_DESCRIPTION OF THE TASK:_
From the material below, return exactly the lines starting at the one that holds "Suudi Arabistan’da Marmarabirlik’e" and ending at the one that holds "ENGINE OIL STOP LEAK". Pictures stay out of the answer.

--- DATA EXTRACT Enclosed Below ---

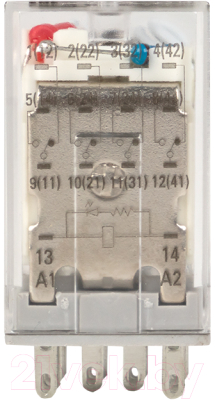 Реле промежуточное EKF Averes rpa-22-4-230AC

--- End of Enclosed DATA EXTRACT ---
--- DATA EXTRACT Enclosed Below ---

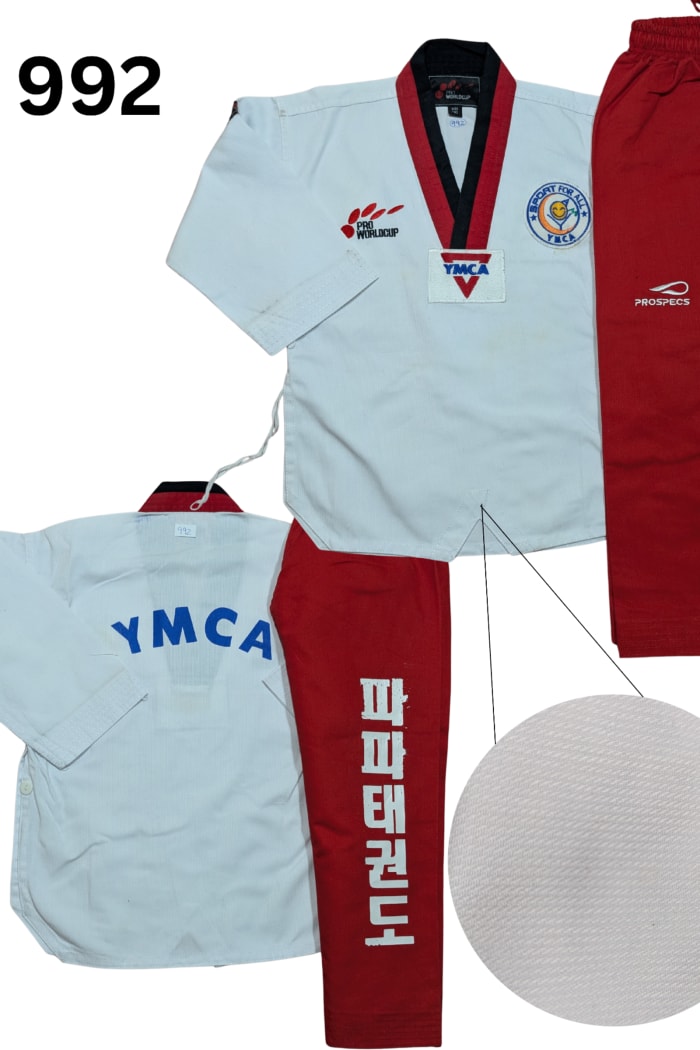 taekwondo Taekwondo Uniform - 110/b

--- End of Enclosed DATA EXTRACT ---
--- DATA EXTRACT Enclosed Below ---

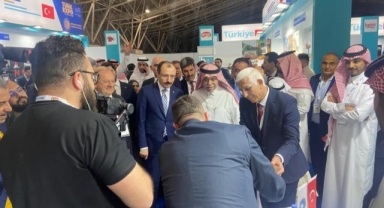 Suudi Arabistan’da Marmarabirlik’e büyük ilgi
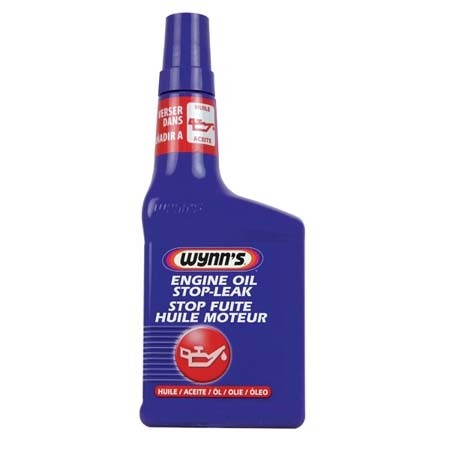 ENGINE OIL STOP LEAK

--- End of Enclosed DATA EXTRACT ---

_EXERCISE OUTPUT:_
 Suudi Arabistan’da Marmarabirlik’e büyük ilgi
 ENGINE OIL STOP LEAK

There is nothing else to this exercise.